Why have I always worried so much about death and meaning. I feel like I was a very smart child. I wish I had been given the opportunity to be great from an early age. What is great. Most everything is such crap, and the more popular it is the more meaningless crap it is.
I want to be important in a whole new way. Having nothing to do with recognition or ego. What is a good way to help people. What motivates politics. People are so ugly and their motives are so perverse. Not that I have anything against perversity per se I just think people don't know what they want.
I want to foster love and understanding. What a marshmallow platitude. I'm always putting myself down for no reason. There's nothing wrong with wanting good things for anonymous people, being more specific is probably a start. Can you only help individuals? Of course, very basic.
I'm in Washington Square Park wishing I could write a poem, the poem that would help. Poetry doesn't help, money helps. I know I don't believe that. What to do. Observe, observe, observe.
It is my new mission to lay back and observe. Put less of myself out there and listen more. Most of it is such garbage and nonsense. I'm not looking for somebody to bounce my anecdotes off, I don't want to sit around a trade compliments. I want a real lover and I'm prepared to wait.
Well, maybe not prepared, but now's the time. Now is the time to be alone. I bet I thrive. Intentions aren't enough but they're a good place to begin. Stop putting myself down. Stop abusing myself. Stop being afraid. Everything will be all right.



Thanks for sharing that. A lot of wisdom there. And beautifully and purely worded.

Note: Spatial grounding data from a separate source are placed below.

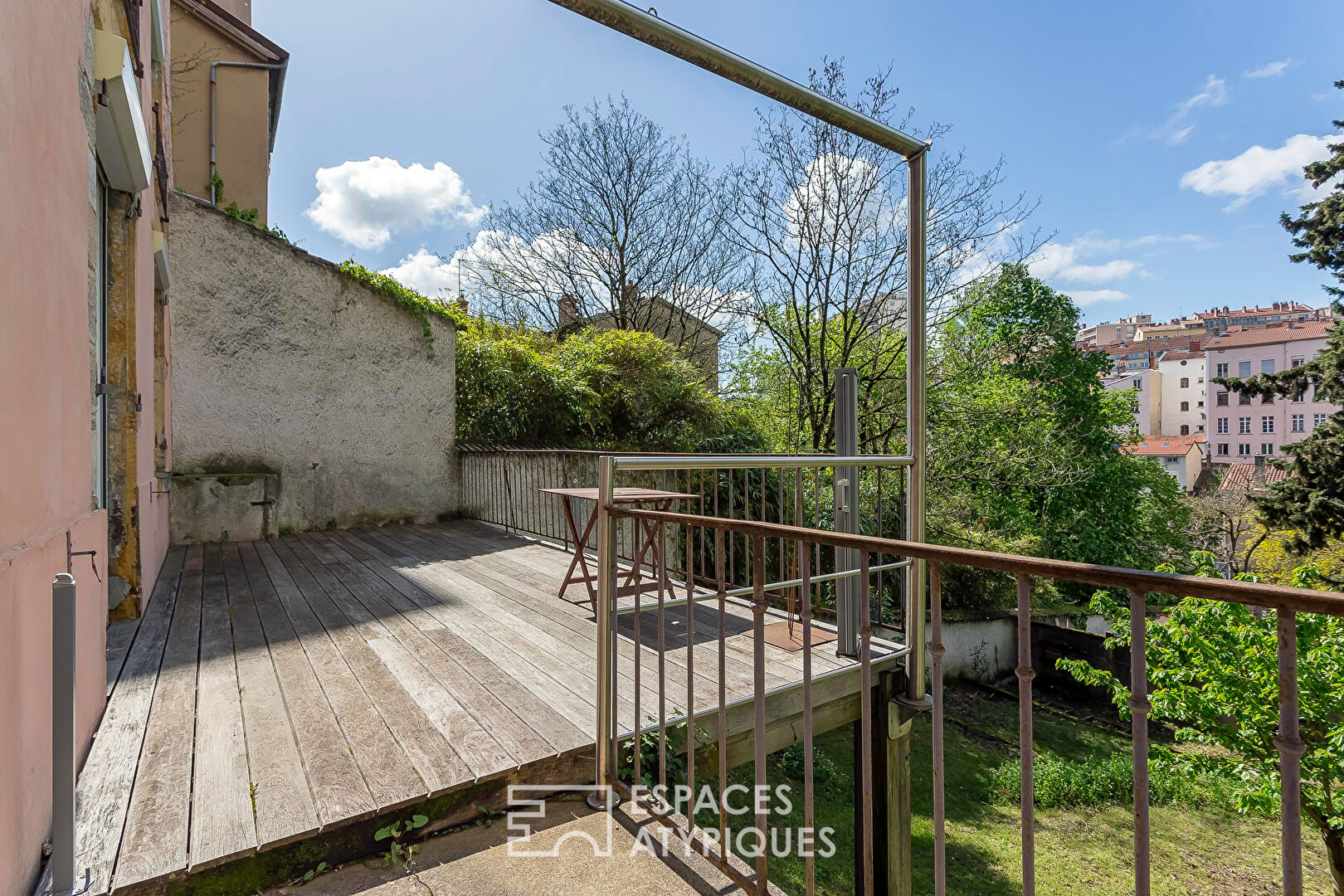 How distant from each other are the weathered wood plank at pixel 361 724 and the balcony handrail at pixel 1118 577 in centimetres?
140

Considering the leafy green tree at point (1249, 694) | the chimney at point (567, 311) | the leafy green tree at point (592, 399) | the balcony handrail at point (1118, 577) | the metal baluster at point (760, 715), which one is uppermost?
the chimney at point (567, 311)

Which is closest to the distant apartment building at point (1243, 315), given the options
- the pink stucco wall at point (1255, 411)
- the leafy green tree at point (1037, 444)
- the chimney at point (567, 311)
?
the pink stucco wall at point (1255, 411)

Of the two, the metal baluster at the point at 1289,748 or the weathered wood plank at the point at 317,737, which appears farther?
the weathered wood plank at the point at 317,737

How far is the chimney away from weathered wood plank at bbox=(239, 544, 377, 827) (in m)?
10.4

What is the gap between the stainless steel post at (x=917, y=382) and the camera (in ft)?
9.11

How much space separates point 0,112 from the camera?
133cm

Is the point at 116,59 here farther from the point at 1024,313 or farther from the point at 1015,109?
the point at 1024,313

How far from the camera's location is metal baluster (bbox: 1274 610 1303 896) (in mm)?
781

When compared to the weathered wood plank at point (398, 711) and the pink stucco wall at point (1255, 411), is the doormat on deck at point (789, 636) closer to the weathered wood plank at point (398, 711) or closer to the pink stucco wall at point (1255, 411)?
the weathered wood plank at point (398, 711)

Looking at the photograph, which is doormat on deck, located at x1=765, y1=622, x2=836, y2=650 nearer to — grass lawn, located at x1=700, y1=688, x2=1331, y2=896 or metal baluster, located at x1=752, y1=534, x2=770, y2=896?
grass lawn, located at x1=700, y1=688, x2=1331, y2=896

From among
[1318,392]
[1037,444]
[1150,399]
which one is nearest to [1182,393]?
[1150,399]

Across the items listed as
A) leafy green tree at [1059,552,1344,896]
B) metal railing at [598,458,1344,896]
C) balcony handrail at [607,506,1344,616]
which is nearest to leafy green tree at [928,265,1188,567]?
leafy green tree at [1059,552,1344,896]

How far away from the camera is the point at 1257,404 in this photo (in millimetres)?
41125

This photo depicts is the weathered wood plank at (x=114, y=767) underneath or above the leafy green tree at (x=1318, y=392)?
underneath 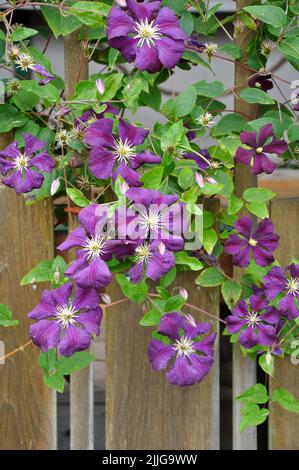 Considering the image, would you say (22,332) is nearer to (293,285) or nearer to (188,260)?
(188,260)

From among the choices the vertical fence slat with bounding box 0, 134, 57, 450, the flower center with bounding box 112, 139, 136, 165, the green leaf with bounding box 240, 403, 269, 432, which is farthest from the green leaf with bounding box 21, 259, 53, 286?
the green leaf with bounding box 240, 403, 269, 432

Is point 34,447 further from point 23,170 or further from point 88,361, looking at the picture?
point 23,170

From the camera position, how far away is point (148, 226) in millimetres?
1083

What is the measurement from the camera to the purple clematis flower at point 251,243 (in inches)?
50.9

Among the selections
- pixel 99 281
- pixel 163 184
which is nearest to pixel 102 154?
pixel 163 184

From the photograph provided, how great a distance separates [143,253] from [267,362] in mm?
416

Posted by: Emilie | Aug 15, 2005 at 08:46 AM
Thanks for reading it. I know it's a little self-indulgent to post old journals, but I was struck by how much they remind me of exactly what I'm thinking these days.
Posted by: girlbomb | Aug 15, 2005 at 12:14 PM
remember when i told you about how i thought that poetry was a connection, the poem you know you could have written, the from my head to your mouth thing? that's how this made me feel.